Depois, toca a fazer fila, subir montanha, caminhar tropegamente até a pista, para desabar por alguns poucos minutos antes de praticamente começar tudo de novo.
E tudo isso para quê? Admito que nos poucos momentos em que, principiante e incompetente, consegui deslizar livremente montanha abaixo (trechos, claro) e me sentir solto do chão, sem atritos com a terra –aqueles momentos de condor em voo livre produziram uma lisérgica adrenalina.
Mas foram poucos momentos. Depois do primeiro dia nessa viagem, passei a me despedir toda manhã da família, que saía feliz com suas traquitanas montanha acima.
Eu ia para o Whole Foods e lojinhas de especiarias comprar mantimentos. À tarde, os familiares encontravam a cada dia um menu diferente para restaurar as forças. E eu fumava feliz meu charuto depois da lauta refeição (somente uma vez o detector de fumaça acionou um constrangedor alarme de incêndio).
Cozinhar e comer no frio, experimentando produtos que não conhecia, alimentando a família diariamente, foi mais gratificante do que todo dia subir a montanha.
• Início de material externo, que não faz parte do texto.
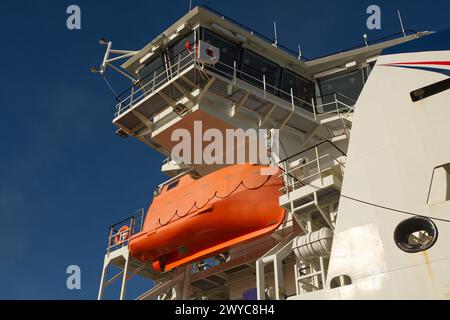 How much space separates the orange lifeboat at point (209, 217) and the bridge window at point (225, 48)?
177 inches

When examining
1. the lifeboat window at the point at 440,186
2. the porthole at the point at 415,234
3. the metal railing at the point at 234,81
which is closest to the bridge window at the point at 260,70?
the metal railing at the point at 234,81

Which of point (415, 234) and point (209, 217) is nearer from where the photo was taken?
point (415, 234)

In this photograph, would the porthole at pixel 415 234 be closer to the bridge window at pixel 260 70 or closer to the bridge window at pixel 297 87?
the bridge window at pixel 260 70

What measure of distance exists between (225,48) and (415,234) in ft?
39.0

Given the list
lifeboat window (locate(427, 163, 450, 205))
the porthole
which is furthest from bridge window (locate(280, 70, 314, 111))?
the porthole

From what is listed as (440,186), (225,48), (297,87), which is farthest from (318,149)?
(440,186)

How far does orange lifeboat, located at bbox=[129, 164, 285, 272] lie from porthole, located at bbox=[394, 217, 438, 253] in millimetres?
5718

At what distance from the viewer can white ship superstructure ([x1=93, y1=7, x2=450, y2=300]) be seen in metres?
9.48

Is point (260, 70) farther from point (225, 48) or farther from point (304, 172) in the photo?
point (304, 172)

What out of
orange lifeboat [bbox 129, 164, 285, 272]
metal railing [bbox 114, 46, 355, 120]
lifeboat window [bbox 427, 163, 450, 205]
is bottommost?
lifeboat window [bbox 427, 163, 450, 205]

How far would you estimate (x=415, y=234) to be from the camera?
Answer: 31.6ft

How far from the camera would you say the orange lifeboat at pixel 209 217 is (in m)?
15.3

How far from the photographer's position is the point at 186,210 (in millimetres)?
16672

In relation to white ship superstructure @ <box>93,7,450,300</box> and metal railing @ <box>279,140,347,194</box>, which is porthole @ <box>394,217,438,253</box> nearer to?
white ship superstructure @ <box>93,7,450,300</box>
Afinal, lá em cima, incompetente e trôpego, passava mais tempo estatelado no chão mirando as nuvens ("como levantar discretamente sem tanta humilhação?"), do que, ereto, olhando com dignidade o horizonte.
Só me sobrava a convicção de que, ao contrário daquela horda de esquiadores, do meu ângulo estratégico com as costas grudadas na neve, ao menos ninguém conheceu os céus do Colorado como eu.